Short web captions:
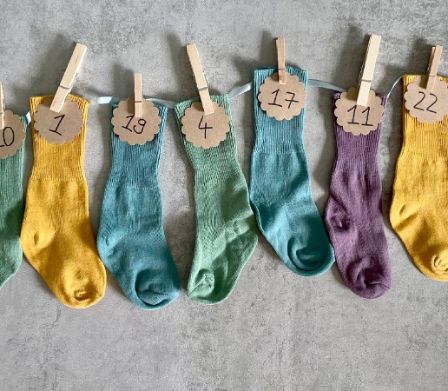 Il calendario dell'Avvento realizzato a mano e sostenibile fatto di calzini.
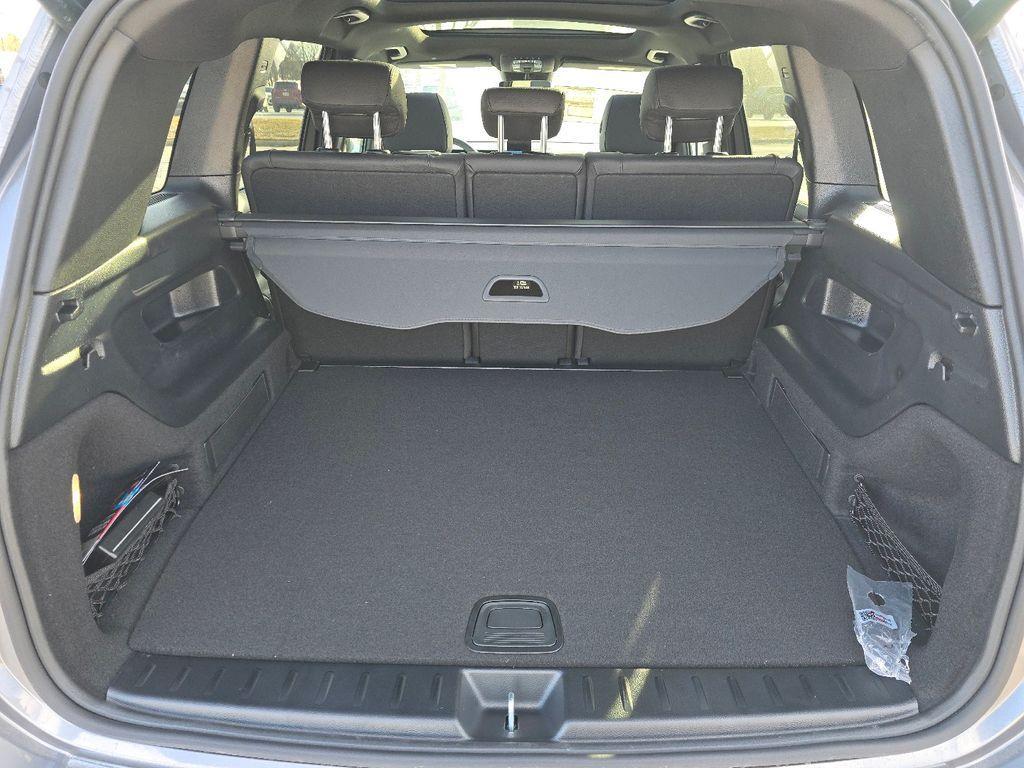 new 2026 Mercedes-Benz GLB 250 car, priced at $57,215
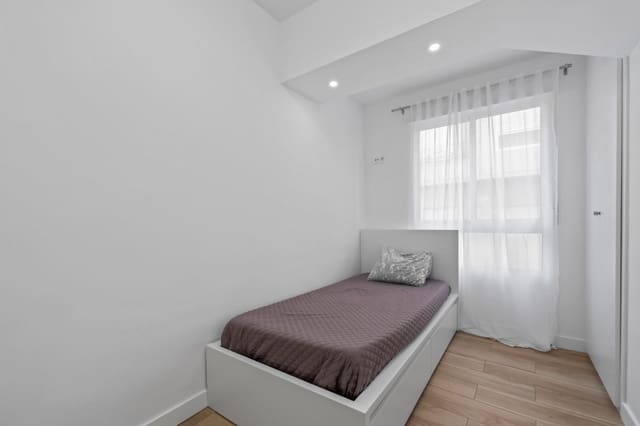 Appartement de 3 chambres à louer à Alicante ville - 1 400 € (Ref: 9640397)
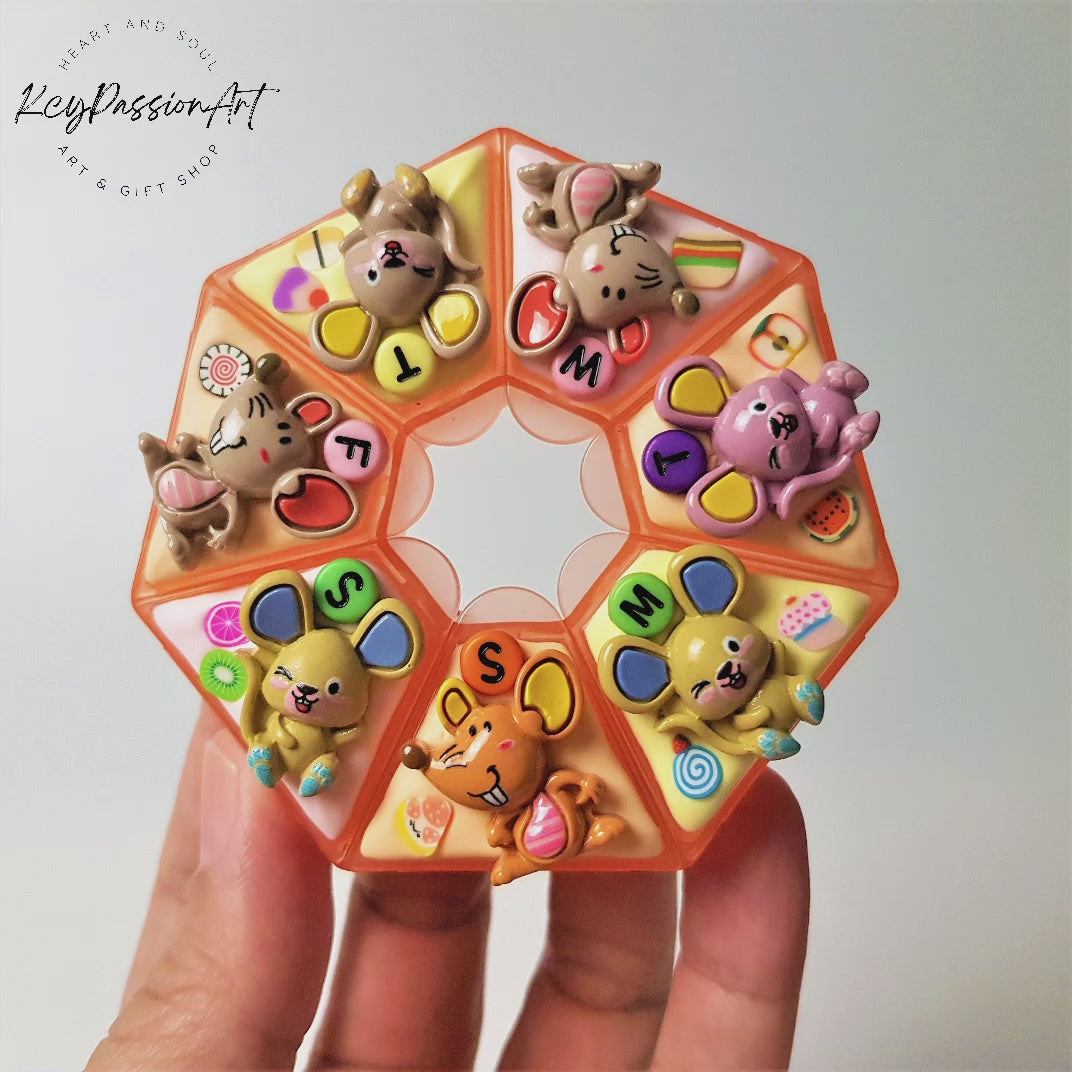Cheeky Mice - Heptagon Pill Box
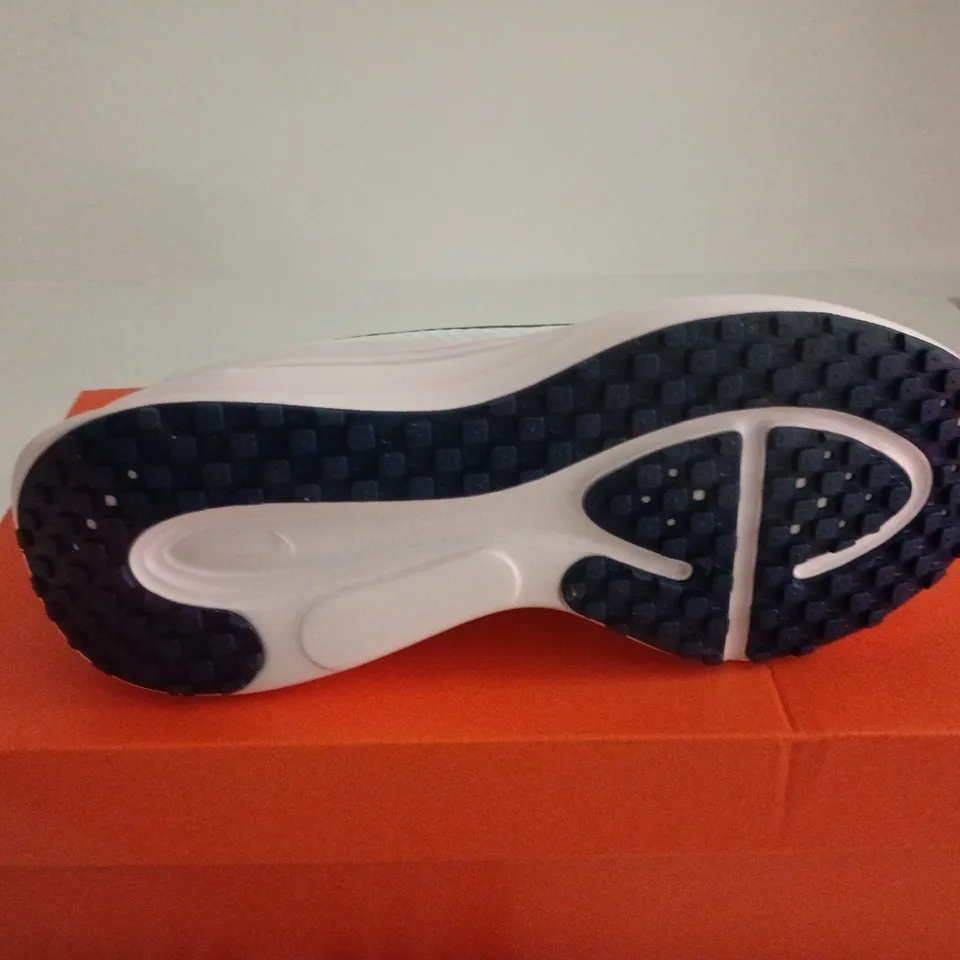 NIKE REVOLUTION HYDROGEN BLUE UK 6 BOXED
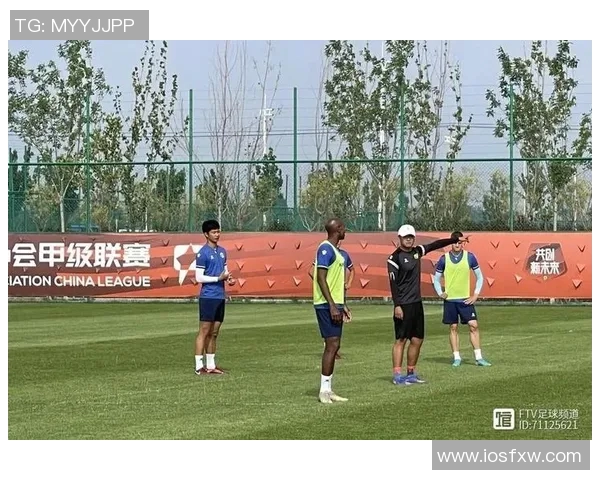 成都足球队与北京足球队赛后复盘分析双方战术意识与表现差异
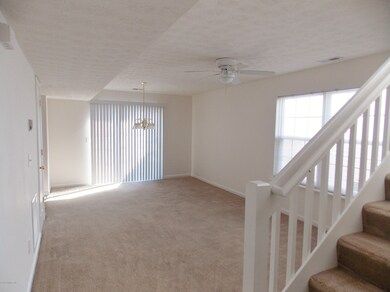 6816 Arbor Creek Dr, Louisville, KY 40228 - photo 5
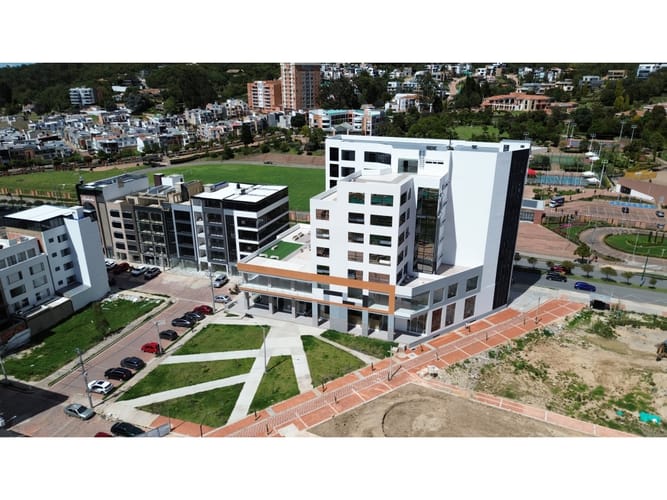 Local en venta en Las Quintas, Tunja, 34 m² · foto 2 de 11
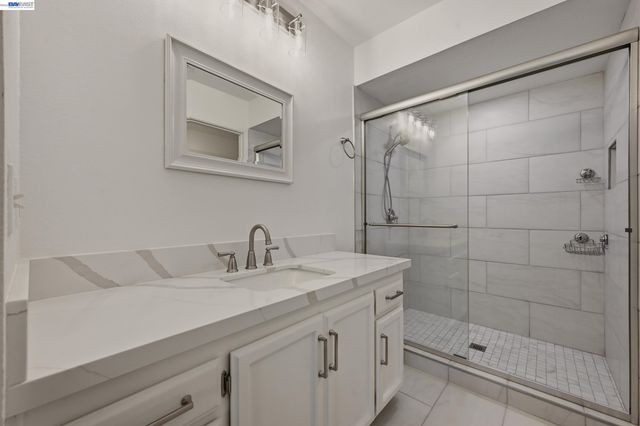 410 Canyon Woods Place C, San Ramon, CA 94582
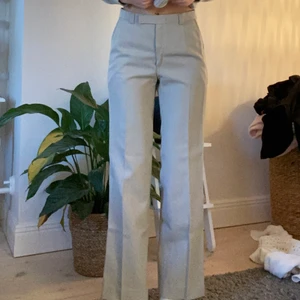 Ljusgråa kostymbyxor - Säljer dessa gråa kostymbyxor i nyskick! Köpta second hand men aldrig använda, prislapp sitter kvar 💖 Saknar storlek men skulle säga en W28 då jag vanligtvis är en W26/27 (alt S) och dessa är lite stora på mig 🥰 säljs för 100 kr + frakt 🙏🏼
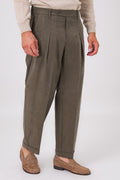Pantalone da uomo color militare con pence e risvolto, vista frontale indossata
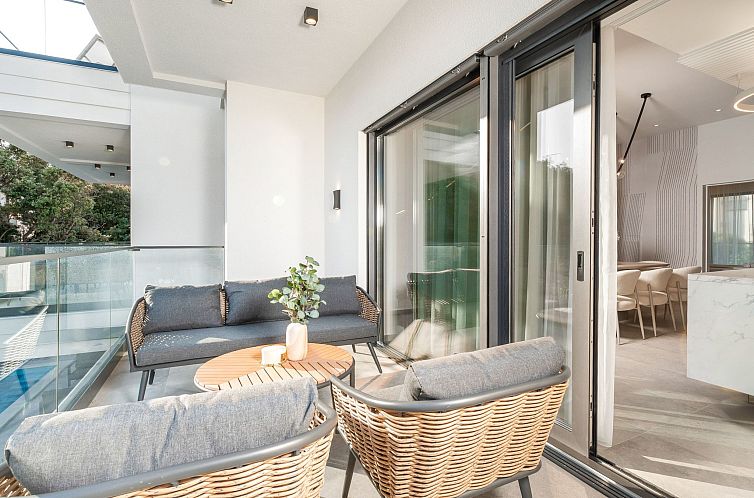 Appartement Vier-Schlafzimmer-Wohnung Dantela mit Tauchbecke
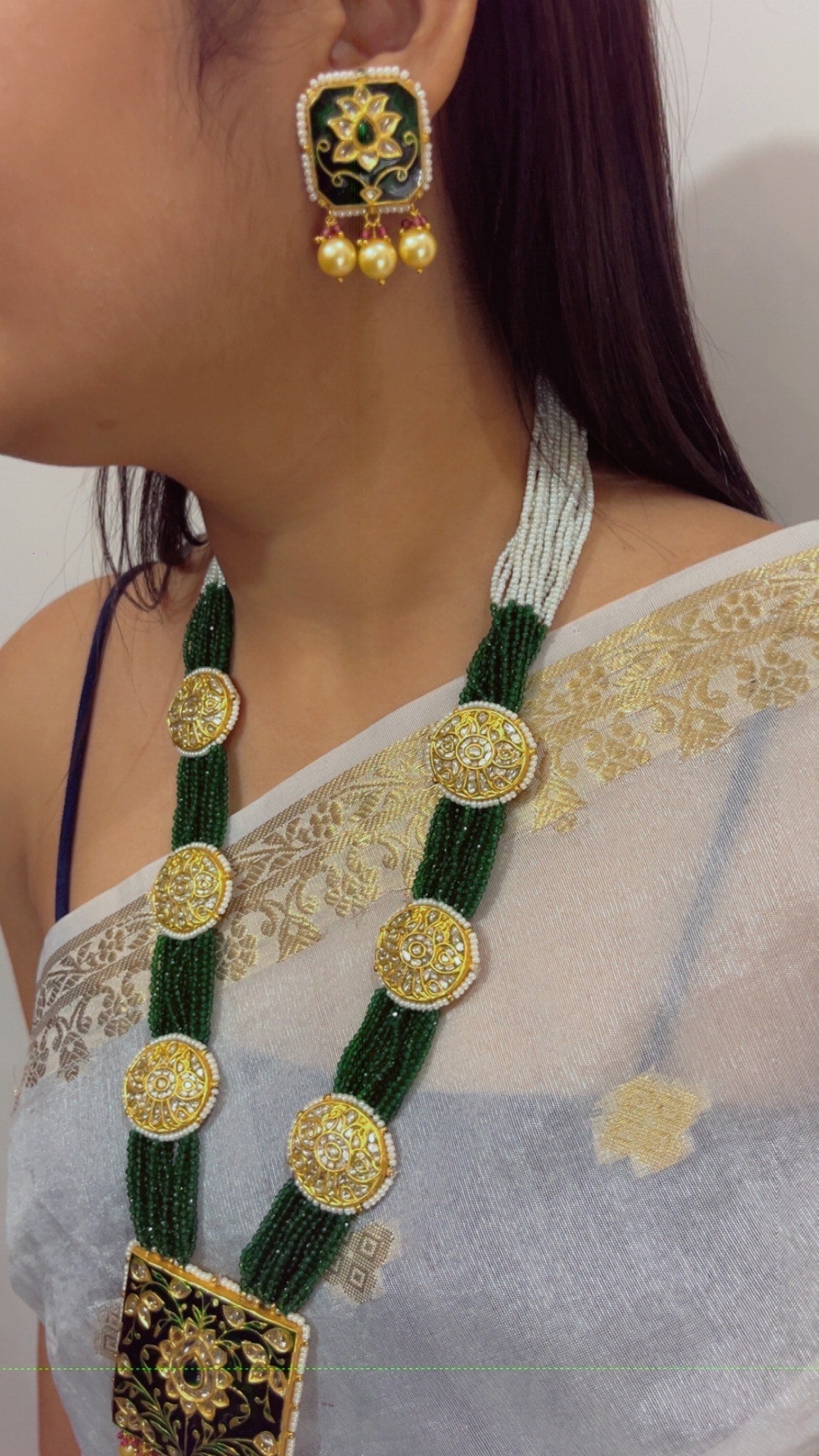 22K Gold Hallmarked Diamond Polki Green Necklace Jewelry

* **Exercise brief**
Return verbatim every line from the line containing "Pantalone da uomo" to the last line of the entries above, inclusive, and leave out the pictures.

* **Worked solution**
Pantalone da uomo color militare con pence e risvolto, vista frontale indossata
 Appartement Vier-Schlafzimmer-Wohnung Dantela mit Tauchbecke
 22K Gold Hallmarked Diamond Polki Green Necklace Jewelry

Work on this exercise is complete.